Thanks the excellent question. Your observations are valid.

While Atlas does help with meeting compliance requirements, it is only part of the solution. To use traffic analogy, Atlas is the map (hence the name) and does not deal the cars on the road (traffic).

To complete the picture, there needs to be some monitoring on what data gets ingested in the system and if all the data conforms with the norms setup. Please take a look at this presentation from Data Summit 2017. It explains how a system can be setup which helps with governance (realm of Atlas) and then also helps with spotting errors within the data itself.

To summarize, to be able to spot errors with flow of data itself, you would need some other mechanism. Atlas will not help you in that respect.

About your 2nd question: Atlas consumes notifications from Kafka by spawning a single thread and processing 1 notification at a time (see NotificationHookConsumer.java & AtlasKafkaConsumer.java).
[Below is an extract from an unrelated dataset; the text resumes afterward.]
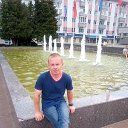 ���� �������, �������, 41 ��� - ��������� 29 ���� 2018 � ������ ���� ����������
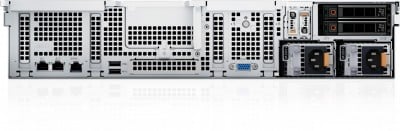 Dell M9R6H_NDB Photo#6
In case of systems with high throughput, the notifications will be queued with Kafa and you will see a lag in consumption of notifications.

Kafka guarantees durability of messages. Atlas ensures that it consumes every message produced by Kafka. If messages are dropped for some reason, you would see them in Atlas' logs. We also test Atlas in high available scenarios.

Also, to address the notification message question, I would urge you to use Atlas V2 client APIs (both on master and branch-0.8). Kafka does not mandate any message format since all it understands is bytes, so that should not be a determining criteria for choosing the client API version.

I know this is a lot of text, I hope it helps. Please feel free to reach out if you need clarifications.